Cockpit voice recorder from crashed Egyptair flight MS804 found

The Egyptian investigation committee announced that the John Lethbridge, a vessel operated by Mauritius-based company Deep Ocean Search on behalf of the Egyptian Government, had been able to recover the memory unit from the cockpit voice recorder from crashed EgyptAir flight MS804.

“The device was damaged and the retrieval process was conducted in several stages,” the committee said in a statement.

The Airbus A320, which had 66 people aboard, crashed May 19 in the Mediterranean Sea on a flight from Paris to Cairo.

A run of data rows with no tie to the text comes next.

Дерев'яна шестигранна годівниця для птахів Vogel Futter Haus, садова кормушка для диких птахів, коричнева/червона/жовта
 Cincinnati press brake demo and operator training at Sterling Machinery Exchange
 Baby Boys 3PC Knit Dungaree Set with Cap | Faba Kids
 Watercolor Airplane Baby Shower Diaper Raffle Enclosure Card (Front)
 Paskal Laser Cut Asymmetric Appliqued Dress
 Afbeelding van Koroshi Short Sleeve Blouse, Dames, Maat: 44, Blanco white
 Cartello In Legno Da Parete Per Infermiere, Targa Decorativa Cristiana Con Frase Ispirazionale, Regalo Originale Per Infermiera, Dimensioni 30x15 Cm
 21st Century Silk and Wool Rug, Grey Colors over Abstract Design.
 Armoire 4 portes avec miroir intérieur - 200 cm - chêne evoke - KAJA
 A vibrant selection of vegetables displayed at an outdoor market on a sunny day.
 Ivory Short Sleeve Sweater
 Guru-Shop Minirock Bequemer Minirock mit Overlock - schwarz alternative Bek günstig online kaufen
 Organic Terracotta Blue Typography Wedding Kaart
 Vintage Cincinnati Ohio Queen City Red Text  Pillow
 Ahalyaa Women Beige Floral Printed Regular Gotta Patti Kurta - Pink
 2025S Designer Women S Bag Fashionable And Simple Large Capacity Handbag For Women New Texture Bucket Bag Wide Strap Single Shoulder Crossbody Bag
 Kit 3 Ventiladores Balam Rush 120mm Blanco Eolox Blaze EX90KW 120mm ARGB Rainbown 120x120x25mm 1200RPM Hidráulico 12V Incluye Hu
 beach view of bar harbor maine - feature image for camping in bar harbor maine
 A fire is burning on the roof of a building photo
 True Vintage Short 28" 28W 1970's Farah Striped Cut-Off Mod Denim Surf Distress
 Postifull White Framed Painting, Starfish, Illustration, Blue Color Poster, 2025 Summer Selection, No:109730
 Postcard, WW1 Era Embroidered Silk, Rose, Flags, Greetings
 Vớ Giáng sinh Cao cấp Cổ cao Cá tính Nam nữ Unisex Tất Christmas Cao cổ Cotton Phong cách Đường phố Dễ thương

Authorities have been searching for wreckage and the plane’s flight data and cockpit voice recorders for insight into what happened.

The recorder is being transferred to Alexandria where it will be received by members from the general prosecution and the investigation committee.

Egypt’s aviation safety record has been in question following the crash of Metrojet flight 7K9268 in the Sinai peninsula in October 2015. Isis’s branch in Sinai later claimed responsibility for the attack, displaying a picture of the drinks can they say was used to smuggle a bomb on board the craft.

While Germany recently lifted its ban on direct flights to Sharm el-Sheikh, several other European nations have yet to do so.

Egypt hired the British firm ControlRisks to conduct a security review of airports in Sharm el-Sheikh, Marsa Allem and Cairo following the crash, part of ongoing efforts to restore confidence in Egypt’s security. Tourism, once a key part of Egypt’s economy, has been decimated by the Metrojet and EgyptAir crashes, despite continued efforts to find out what brought down MS804.